(Raw data Opens)

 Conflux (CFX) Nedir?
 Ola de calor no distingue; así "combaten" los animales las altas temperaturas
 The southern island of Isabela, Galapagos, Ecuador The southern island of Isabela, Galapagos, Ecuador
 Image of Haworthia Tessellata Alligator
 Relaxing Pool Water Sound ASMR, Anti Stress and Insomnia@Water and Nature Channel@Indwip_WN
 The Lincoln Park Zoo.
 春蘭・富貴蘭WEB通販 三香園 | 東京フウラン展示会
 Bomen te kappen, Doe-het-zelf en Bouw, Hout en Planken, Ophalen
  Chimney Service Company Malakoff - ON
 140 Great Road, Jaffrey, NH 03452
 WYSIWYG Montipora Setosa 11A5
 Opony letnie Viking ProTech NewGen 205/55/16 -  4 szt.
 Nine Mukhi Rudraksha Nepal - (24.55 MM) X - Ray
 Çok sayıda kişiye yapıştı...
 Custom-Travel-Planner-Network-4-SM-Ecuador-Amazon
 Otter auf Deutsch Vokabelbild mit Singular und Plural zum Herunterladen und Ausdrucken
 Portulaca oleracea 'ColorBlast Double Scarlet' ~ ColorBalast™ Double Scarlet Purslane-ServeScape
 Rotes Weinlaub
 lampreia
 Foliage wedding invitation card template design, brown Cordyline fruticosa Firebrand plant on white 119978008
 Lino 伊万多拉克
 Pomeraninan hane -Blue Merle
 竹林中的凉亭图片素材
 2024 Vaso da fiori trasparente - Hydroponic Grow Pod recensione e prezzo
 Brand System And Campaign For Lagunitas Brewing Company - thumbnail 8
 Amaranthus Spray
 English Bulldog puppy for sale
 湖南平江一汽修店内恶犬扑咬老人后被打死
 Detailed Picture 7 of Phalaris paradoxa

(Raw data Closes)

- Work item -
Copy the data above exactly. Every line must be included.

- Solution to this problem -
 Conflux (CFX) Nedir?
 Ola de calor no distingue; así "combaten" los animales las altas temperaturas
 The southern island of Isabela, Galapagos, Ecuador The southern island of Isabela, Galapagos, Ecuador
 Image of Haworthia Tessellata Alligator
 Relaxing Pool Water Sound ASMR, Anti Stress and Insomnia@Water and Nature Channel@Indwip_WN
 The Lincoln Park Zoo.
 春蘭・富貴蘭WEB通販 三香園 | 東京フウラン展示会
 Bomen te kappen, Doe-het-zelf en Bouw, Hout en Planken, Ophalen
  Chimney Service Company Malakoff - ON
 140 Great Road, Jaffrey, NH 03452
 WYSIWYG Montipora Setosa 11A5
 Opony letnie Viking ProTech NewGen 205/55/16 -  4 szt.
 Nine Mukhi Rudraksha Nepal - (24.55 MM) X - Ray
 Çok sayıda kişiye yapıştı...
 Custom-Travel-Planner-Network-4-SM-Ecuador-Amazon
 Otter auf Deutsch Vokabelbild mit Singular und Plural zum Herunterladen und Ausdrucken
 Portulaca oleracea 'ColorBlast Double Scarlet' ~ ColorBalast™ Double Scarlet Purslane-ServeScape
 Rotes Weinlaub
 lampreia
 Foliage wedding invitation card template design, brown Cordyline fruticosa Firebrand plant on white 119978008
 Lino 伊万多拉克
 Pomeraninan hane -Blue Merle
 竹林中的凉亭图片素材
 2024 Vaso da fiori trasparente - Hydroponic Grow Pod recensione e prezzo
 Brand System And Campaign For Lagunitas Brewing Company - thumbnail 8
 Amaranthus Spray
 English Bulldog puppy for sale
 湖南平江一汽修店内恶犬扑咬老人后被打死
 Detailed Picture 7 of Phalaris paradoxa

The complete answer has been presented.